#### Provided records
-------

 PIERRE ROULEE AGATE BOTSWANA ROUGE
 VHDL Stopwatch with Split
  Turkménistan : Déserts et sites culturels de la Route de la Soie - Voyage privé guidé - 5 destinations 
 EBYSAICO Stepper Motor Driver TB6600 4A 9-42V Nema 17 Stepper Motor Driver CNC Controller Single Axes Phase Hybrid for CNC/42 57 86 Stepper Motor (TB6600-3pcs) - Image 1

-------

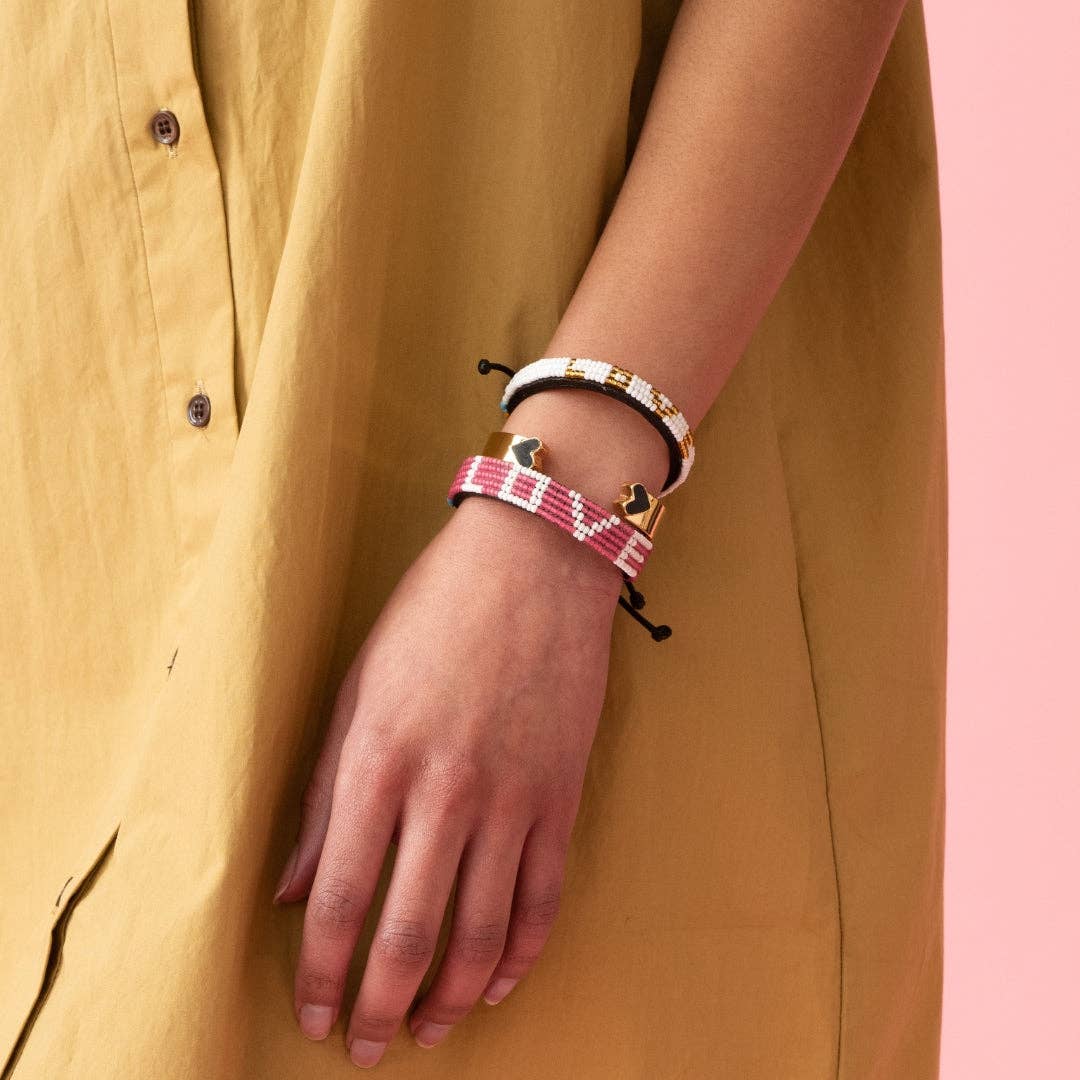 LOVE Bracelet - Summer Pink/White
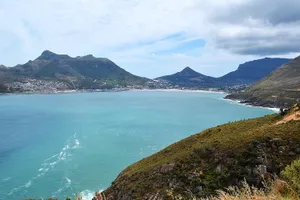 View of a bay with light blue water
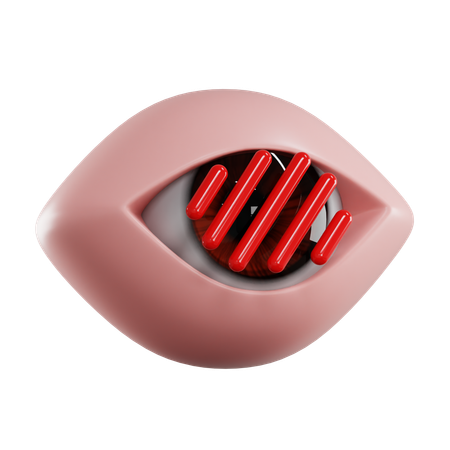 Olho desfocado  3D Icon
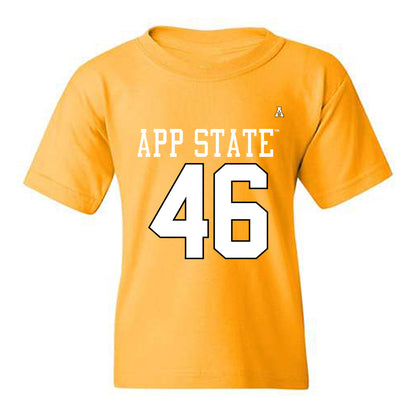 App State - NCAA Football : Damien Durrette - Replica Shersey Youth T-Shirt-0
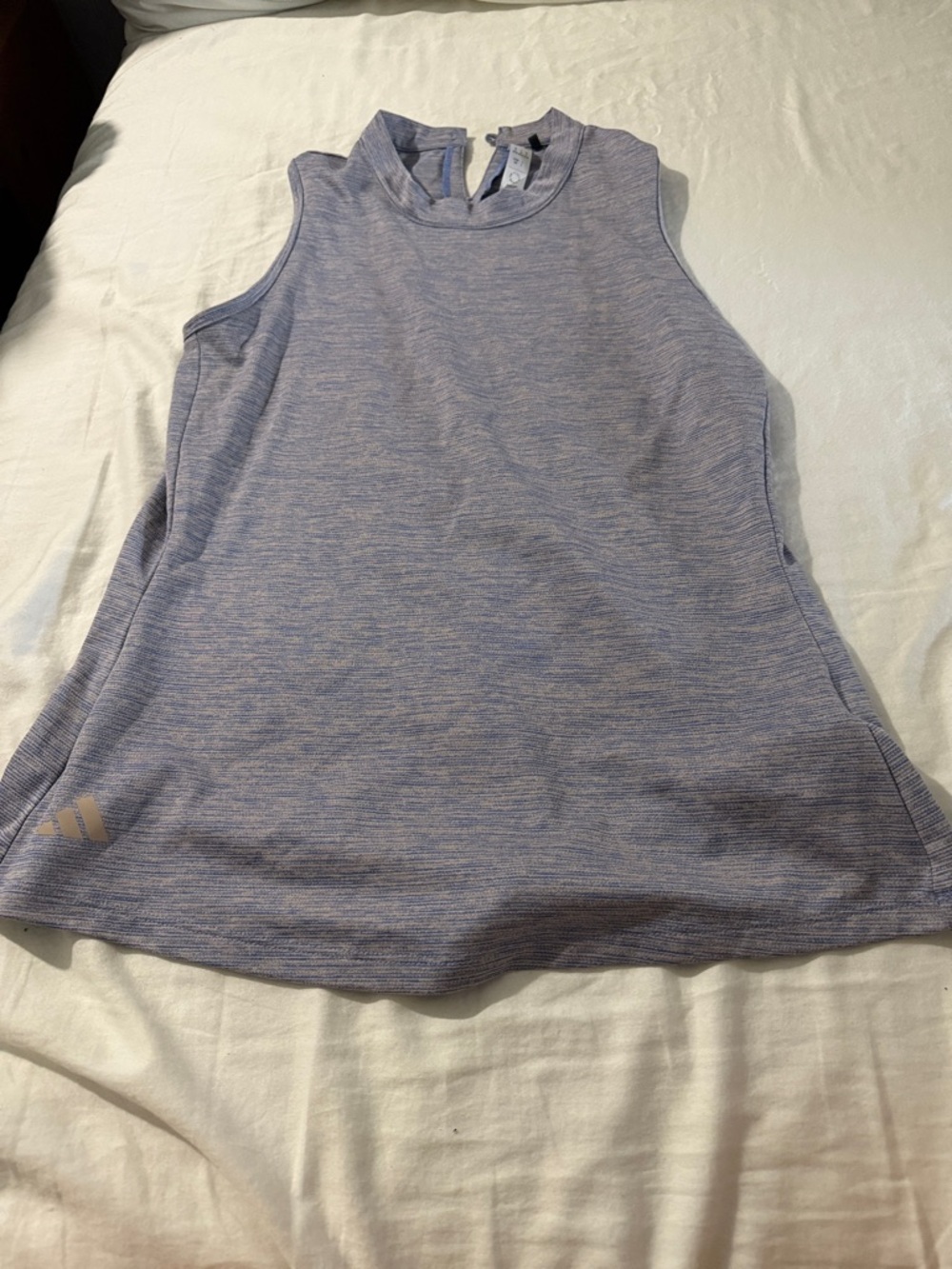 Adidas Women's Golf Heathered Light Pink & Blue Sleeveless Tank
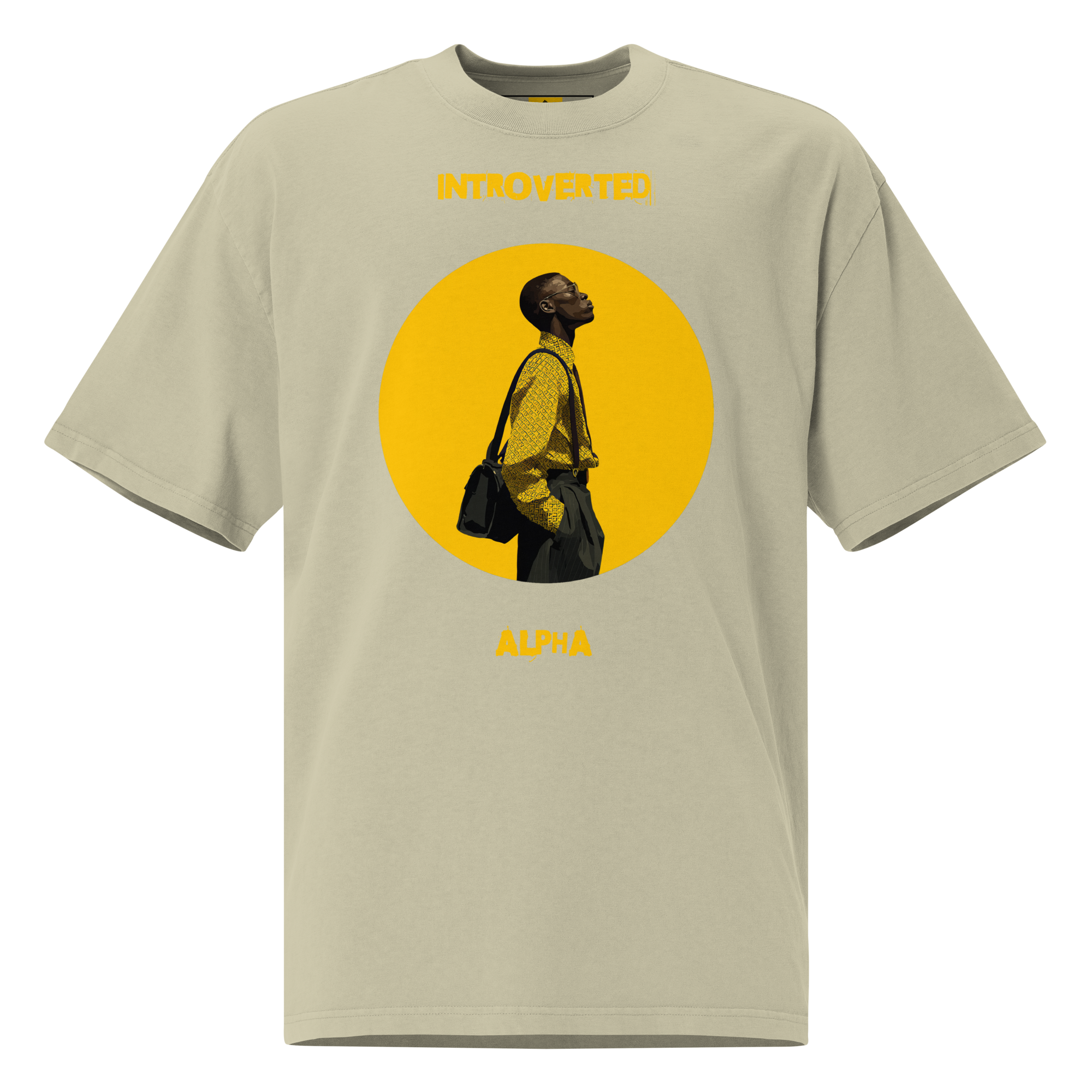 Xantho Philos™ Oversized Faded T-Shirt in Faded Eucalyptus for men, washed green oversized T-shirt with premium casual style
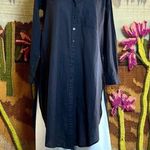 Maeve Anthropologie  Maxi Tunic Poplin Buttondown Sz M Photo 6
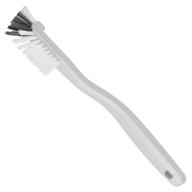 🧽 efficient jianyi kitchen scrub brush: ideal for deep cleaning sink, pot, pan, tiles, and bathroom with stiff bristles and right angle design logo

-------

#### Assignment
Taking the entries above, copy word for word the lines from the one with "Adidas Women's Golf" up to and including the one with "Sz M Photo 6", without any picture.

#### Exercise output
 Adidas Women's Golf Heathered Light Pink & Blue Sleeveless Tank
 Xantho Philos™ Oversized Faded T-Shirt in Faded Eucalyptus for men, washed green oversized T-shirt with premium casual style
 Maeve Anthropologie  Maxi Tunic Poplin Buttondown Sz M Photo 6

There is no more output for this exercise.